A proper Block-Header is a single point of consensus, among all peers, which acts as a snapshot of the entire history of the respective blockchain state, up until the corresponding block height, in a compressed form.
It should be:
- A unique identity for a block.
- Compact, Precise and Elegant as it will be the face of the blockchain for the outside world.
- Simple and easy to develop around protocols as it will act as a bridge between the outside world.
- Able to verify the entire history of the chain state with minimal amount of resources possible in at most sub-linear complexity for both the time and the space.
- Able to allow the light clients to prune the chain state.
Other than these, the surrounding blockchain should support quick, generation of validity proofs, adding a new block with its header to the chainstate in sub-linear time, small proof sizes, etc.

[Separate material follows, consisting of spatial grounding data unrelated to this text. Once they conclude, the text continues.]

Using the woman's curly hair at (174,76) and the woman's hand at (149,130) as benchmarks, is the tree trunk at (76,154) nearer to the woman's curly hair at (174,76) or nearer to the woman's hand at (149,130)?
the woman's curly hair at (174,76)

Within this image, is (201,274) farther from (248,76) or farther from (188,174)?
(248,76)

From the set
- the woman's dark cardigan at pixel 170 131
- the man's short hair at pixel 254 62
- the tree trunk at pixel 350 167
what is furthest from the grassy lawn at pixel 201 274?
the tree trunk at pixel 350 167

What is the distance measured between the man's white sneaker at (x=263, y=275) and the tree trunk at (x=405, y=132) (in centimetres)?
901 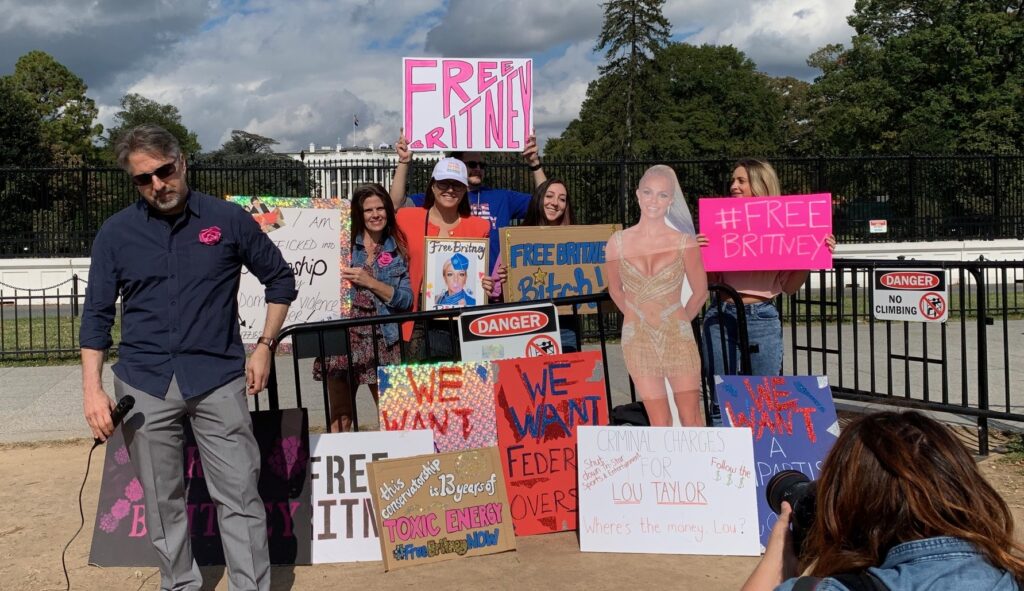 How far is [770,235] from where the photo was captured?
547cm

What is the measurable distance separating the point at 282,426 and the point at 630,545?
6.25ft

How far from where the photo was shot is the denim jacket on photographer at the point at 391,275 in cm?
550

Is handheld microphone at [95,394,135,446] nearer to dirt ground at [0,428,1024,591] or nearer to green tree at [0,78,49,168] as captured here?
dirt ground at [0,428,1024,591]

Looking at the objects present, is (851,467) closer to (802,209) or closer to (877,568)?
(877,568)

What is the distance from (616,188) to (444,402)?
14959 mm

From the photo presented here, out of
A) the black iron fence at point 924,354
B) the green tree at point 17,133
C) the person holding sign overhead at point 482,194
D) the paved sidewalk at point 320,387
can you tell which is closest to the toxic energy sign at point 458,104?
the person holding sign overhead at point 482,194

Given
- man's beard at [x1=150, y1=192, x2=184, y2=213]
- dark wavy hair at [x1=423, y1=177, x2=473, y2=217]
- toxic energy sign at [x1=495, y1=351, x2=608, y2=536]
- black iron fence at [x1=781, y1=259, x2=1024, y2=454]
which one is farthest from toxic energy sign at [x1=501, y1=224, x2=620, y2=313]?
man's beard at [x1=150, y1=192, x2=184, y2=213]

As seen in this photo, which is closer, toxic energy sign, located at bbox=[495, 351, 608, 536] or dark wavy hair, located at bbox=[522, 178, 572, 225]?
toxic energy sign, located at bbox=[495, 351, 608, 536]

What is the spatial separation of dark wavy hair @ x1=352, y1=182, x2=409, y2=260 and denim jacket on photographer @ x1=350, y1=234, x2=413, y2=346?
31 mm

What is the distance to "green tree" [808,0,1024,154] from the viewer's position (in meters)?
38.4

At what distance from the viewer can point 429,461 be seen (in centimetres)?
473

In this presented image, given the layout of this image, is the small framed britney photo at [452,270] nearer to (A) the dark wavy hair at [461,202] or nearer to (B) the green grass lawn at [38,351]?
(A) the dark wavy hair at [461,202]

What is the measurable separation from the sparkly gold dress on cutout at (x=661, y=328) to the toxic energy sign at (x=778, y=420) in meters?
0.28

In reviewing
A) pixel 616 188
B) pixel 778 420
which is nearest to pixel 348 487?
pixel 778 420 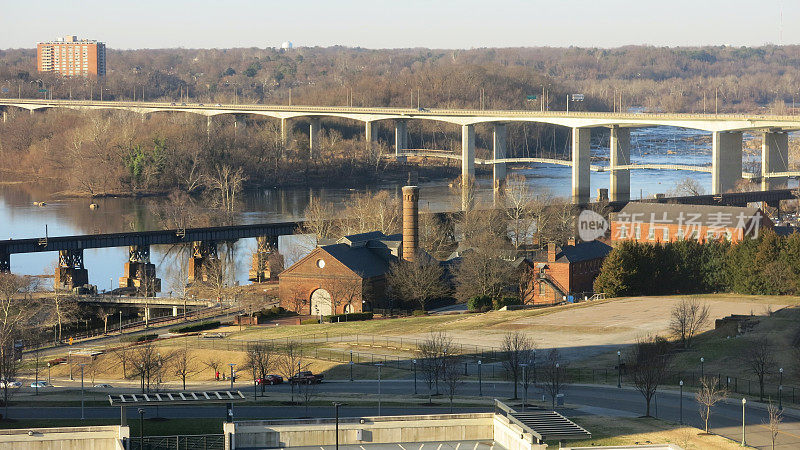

Fortunately, unlike other blockchains, the way linera is, we don't have to send the blockheader to other peers. It can be derived at the either ends, saving the block space, as its not part of the consensus(yet, there is a small space where it can be, for the better).
And also improving on the recent implementation, we don't have to send the block execution outcomes, as they are deterministic and dependent on the inputs, greatly saving the precious block space.
But, what's the incentive for the clients to cryptographically commit to the block-headers?
The state of the chain can be check-pointed, a snapshot, and the history of the chain before that point can be safely pruned.
Further, to maintain those, likely to be millions of, transaction hashes, a index data structure is needed. After careful considerations, a merkle trie is a most likely candidate. A trie like data structure is used by every major blockchain, Ethereum uses a modified merkle patricia tree, Solana uses a form of concurrent tree, etc. And we require a trie data structure at many places anyway, like in linera-views, and in future to manage Accounts and chain ids.
For our purposes, a best fit would an Adaptive Radix Merkle Trie (ART). Details about it can be found in the original paper[1] below.
Adding a new block to the index require minimal samples
Reads are O(1)
Writes are O(1)
Adding a new block is O(logn)
Generating a proof is O(logn)
Verifying a proof is O(logn)
Proof size is O(logn)
Lastly, a merkle skip list is used to calculate the canonical block hash, which is the concatenation of the current root hash with the consensus hashes N - 1, N - 2, N - 4, N - 8 ... and so on. The benefits to this can be many due to the magical nature of numbers and cryptrography, but two main reasons are
- Early detection of forks and malicious peers at the point of fork.
- Possibility of Existence of stateless clients.
Links
- [1] https://db.in.tum.de/~leis/papers/ART.pdf